**TO DO:**
Please return, exactly and only, the lines beginning at the top of the entries below and ending with the line containing "2023 Lexus ES 300h Luxury"; keep out the pictures.
SUPPLIED RECORDS: Begin
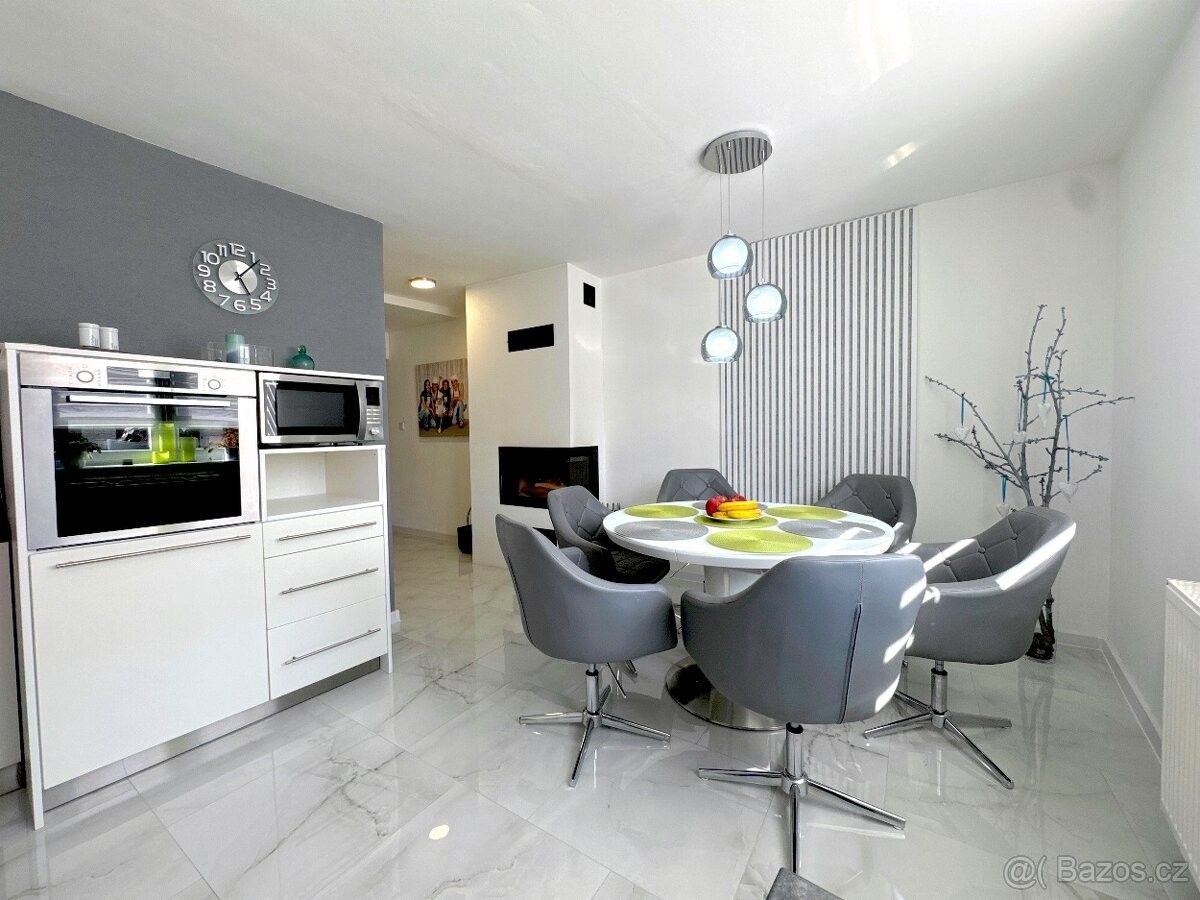 Rodinné domy, Dobšice, 671 82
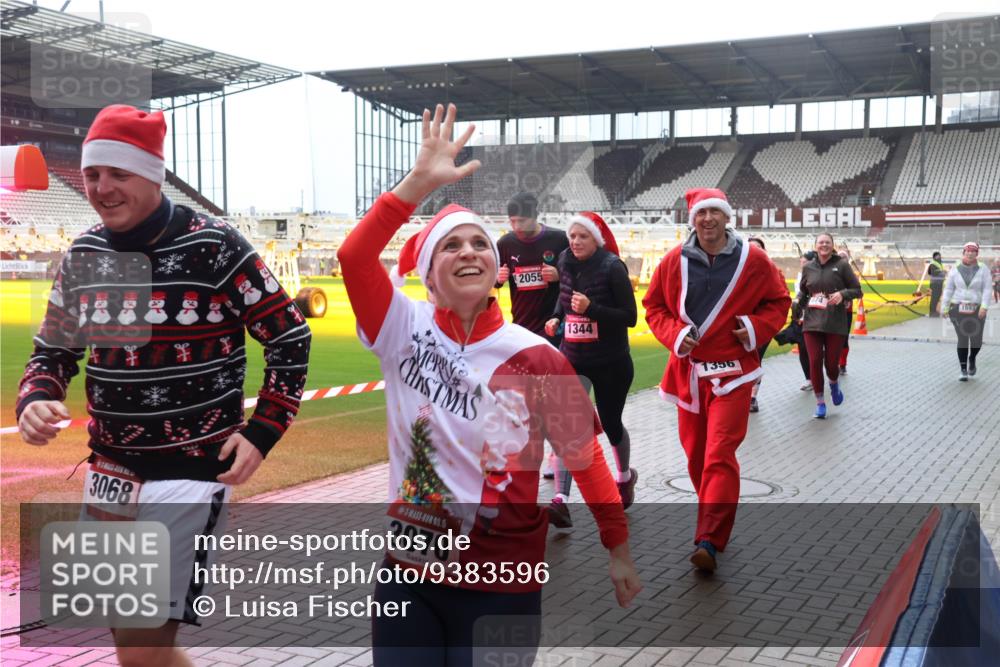 07.12.2025 - St. Pauli X-Mass-Run No. 15 Luisa Fischer http://msf.ph/oto/9383596 07.12.2025 11:26:27 Ziel 3068, 15, 3070, 2055, 1344, 1356, 1593, 610, 624, 674, 678, 1079, 1334, 1339, 1344, 1345, 1356, 1379, 1388, 1498, 1501, 1593, 1672, 1673, 2055, 2059, 2063, 2066, 2069, 2074, 2088, 2124, 2145, 2161, 2166, 2198, 2255, 2257, 2260, 2265, 2498, 2637, 2786, 2795, 3050, 3051, 3068, 3070, 3094, 3217, 3257, 3258, 3260, 3261, 3607, 4654, 4825 meine-sportfotos.de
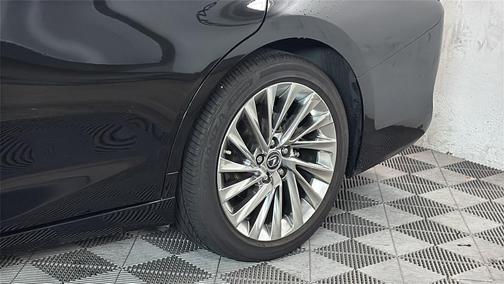 2023 Lexus ES 300h Luxury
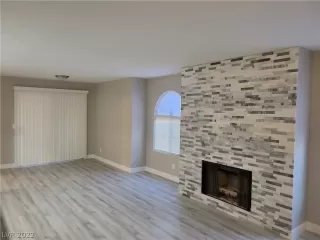 Photo #1: 2415438 Listing 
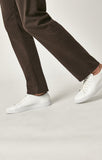 ZACH STRAIGHT LEG IN BLACK COFFEE SATEEN - Mavi Jeans
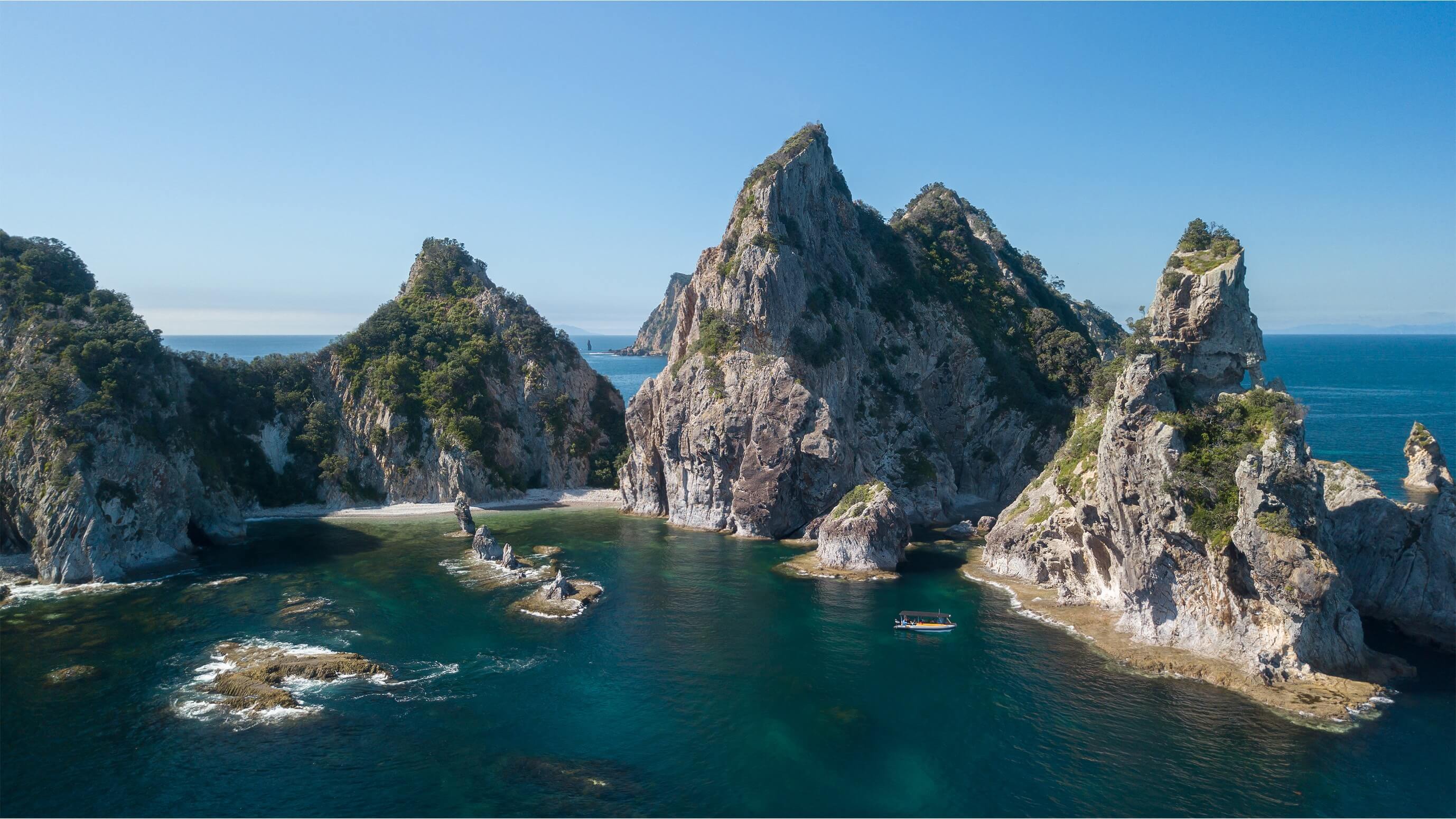 Rocky peaks and clear water at the Aldermen Islands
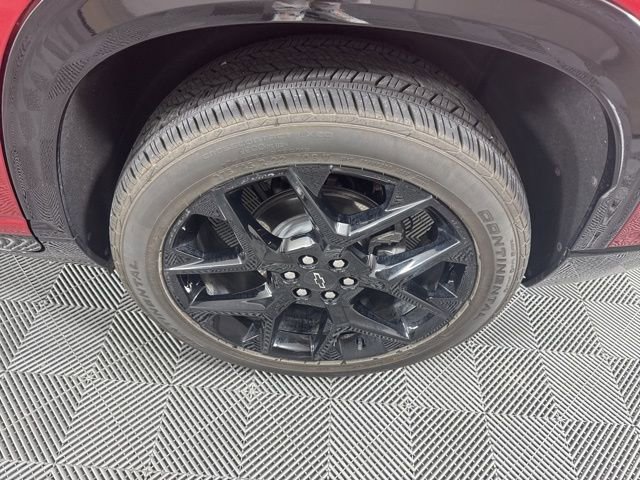 Used 2025 Chevrolet Traverse RS image 12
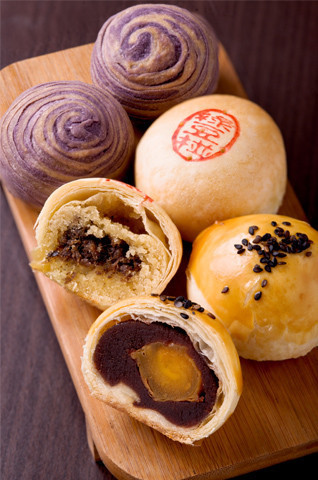【中外餅舖】秋賞蘇皮月餅禮盒 
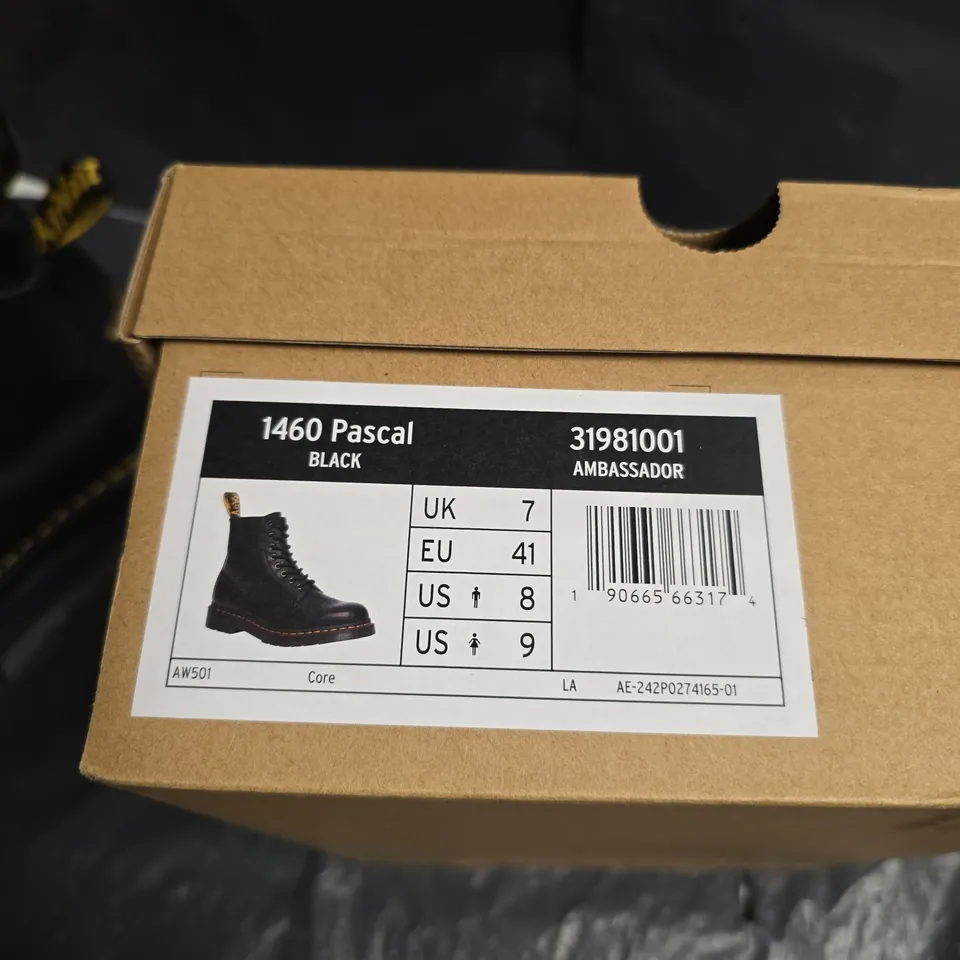 DR. MARTENS 1460 PASCAL BLACK LEATHER BOOTS – UK 7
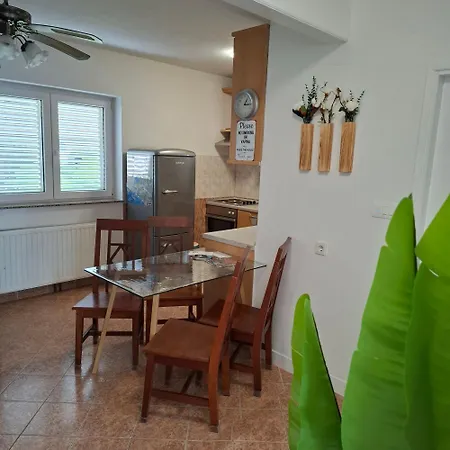Magnolia Apartment *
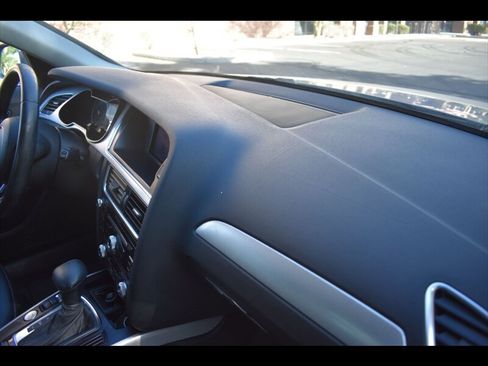 Used 2016 Audi A4 2.0T Premium w/ Convenience Plus Package FWD image 35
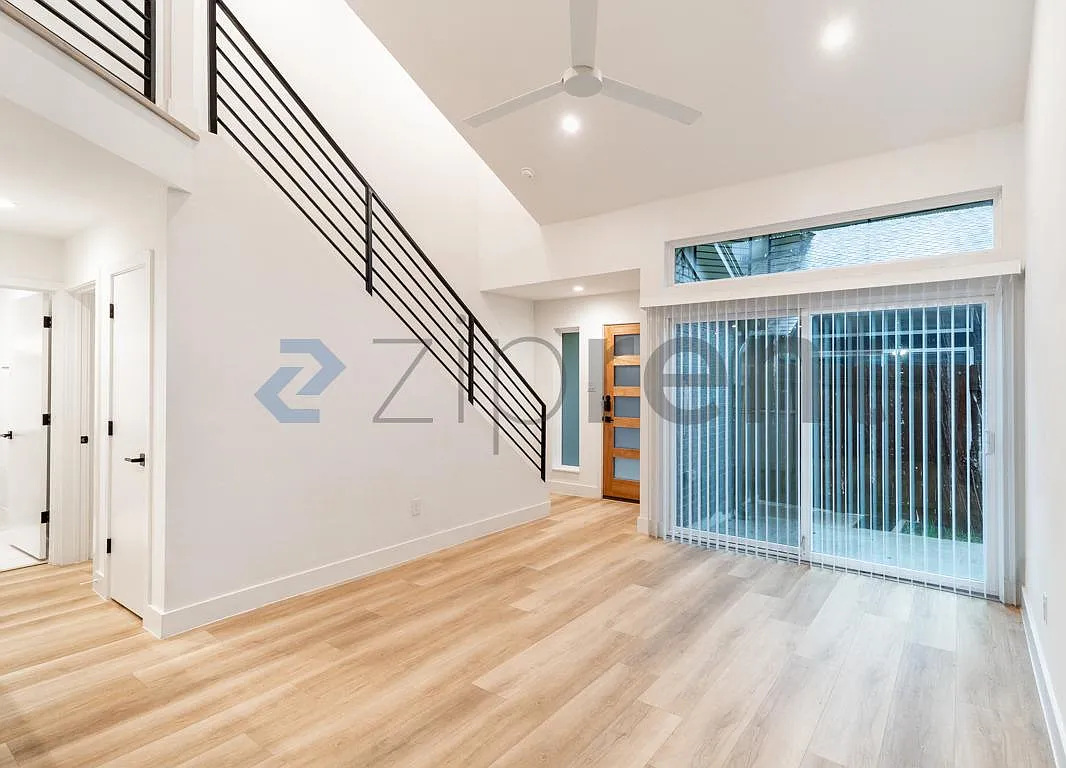 2 bed, 1144 sqft, $2,380 — Photo 4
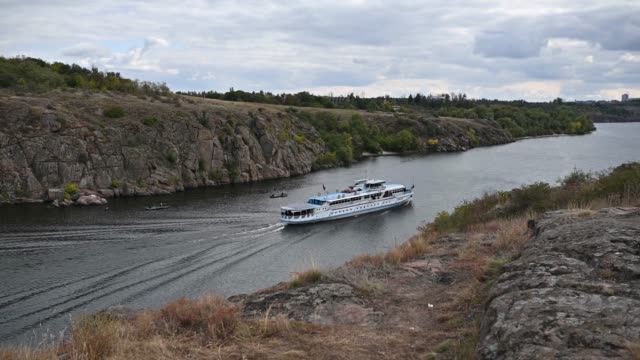 Motorboot-Kreuzfahrtschiff-auf-dem-Fluss-mit-Touristen,-Fluss-Dnipro-Sommer-Touristenattraktion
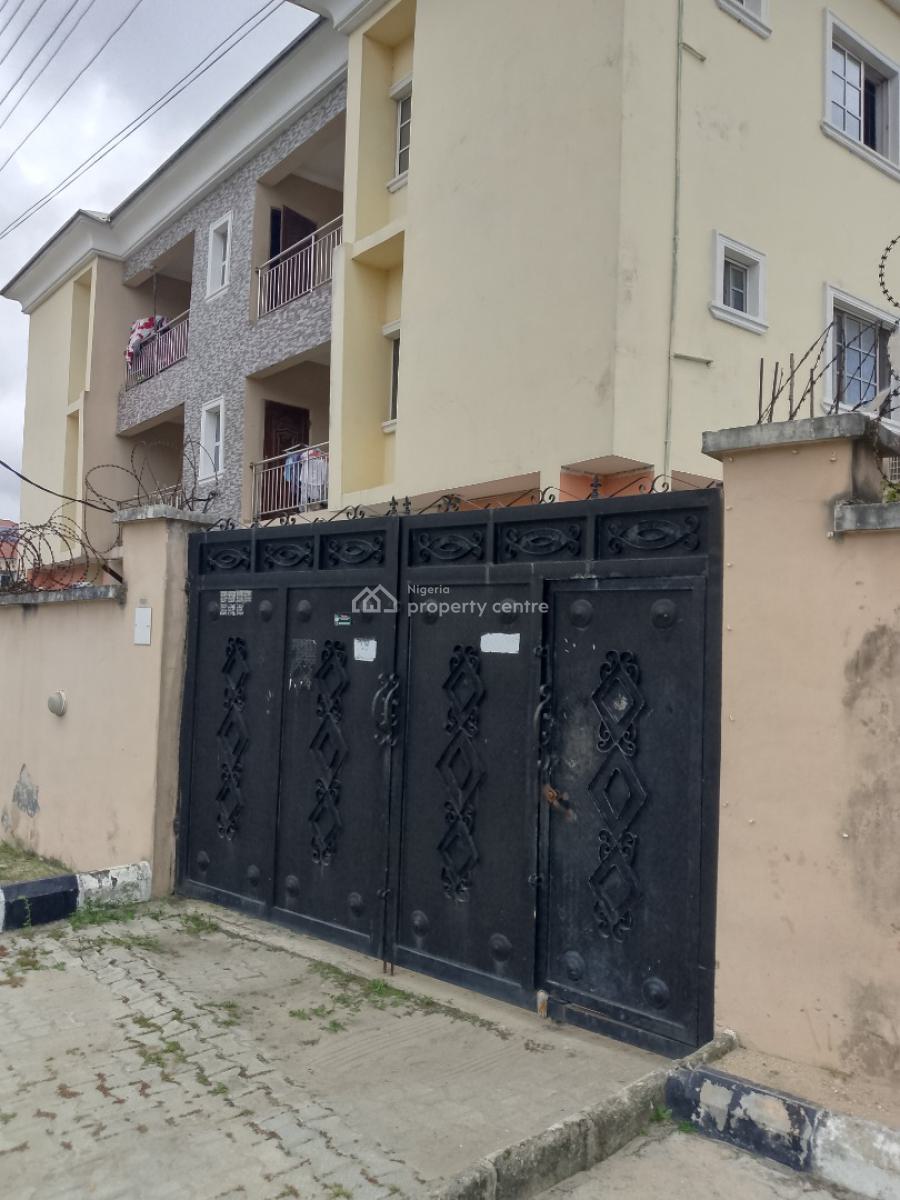 Very Spacious and Clean 3bedroom, Ilaje Mobile Road, Ajah, Lagos, Flat / Apartment for Rent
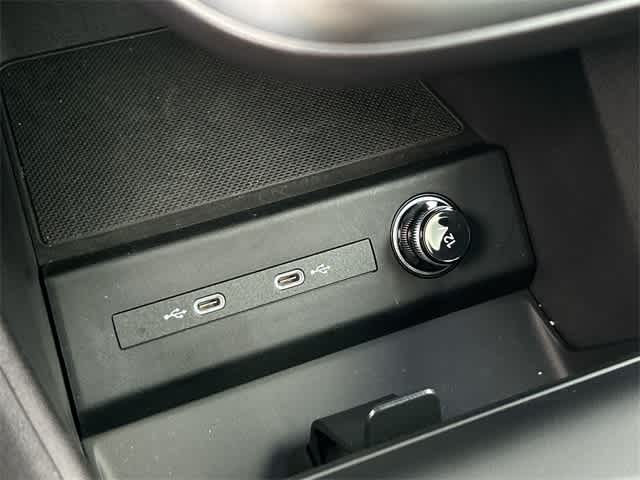 Thumbnail: 2023 Audi Q4 e-tron - 33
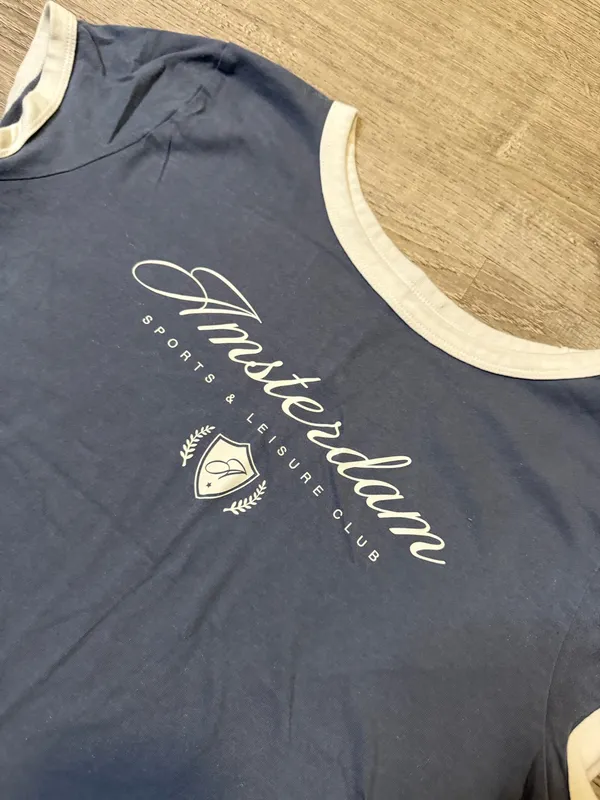 Hollister crop tee - Image 2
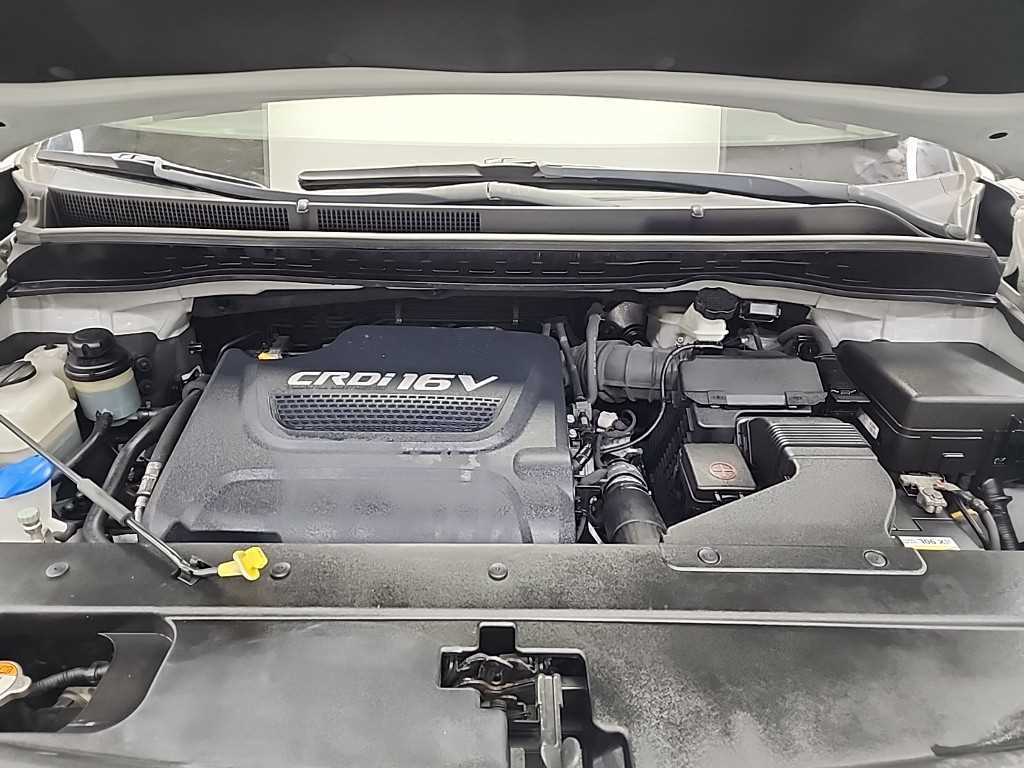 KIA Carnival - Vista 5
SUPPLIED RECORDS: End
**OUTPUT FOR THIS EXERCISE:**
 Rodinné domy, Dobšice, 671 82
 07.12.2025 - St. Pauli X-Mass-Run No. 15 Luisa Fischer http://msf.ph/oto/9383596 07.12.2025 11:26:27 Ziel 3068, 15, 3070, 2055, 1344, 1356, 1593, 610, 624, 674, 678, 1079, 1334, 1339, 1344, 1345, 1356, 1379, 1388, 1498, 1501, 1593, 1672, 1673, 2055, 2059, 2063, 2066, 2069, 2074, 2088, 2124, 2145, 2161, 2166, 2198, 2255, 2257, 2260, 2265, 2498, 2637, 2786, 2795, 3050, 3051, 3068, 3070, 3094, 3217, 3257, 3258, 3260, 3261, 3607, 4654, 4825 meine-sportfotos.de
 2023 Lexus ES 300h Luxury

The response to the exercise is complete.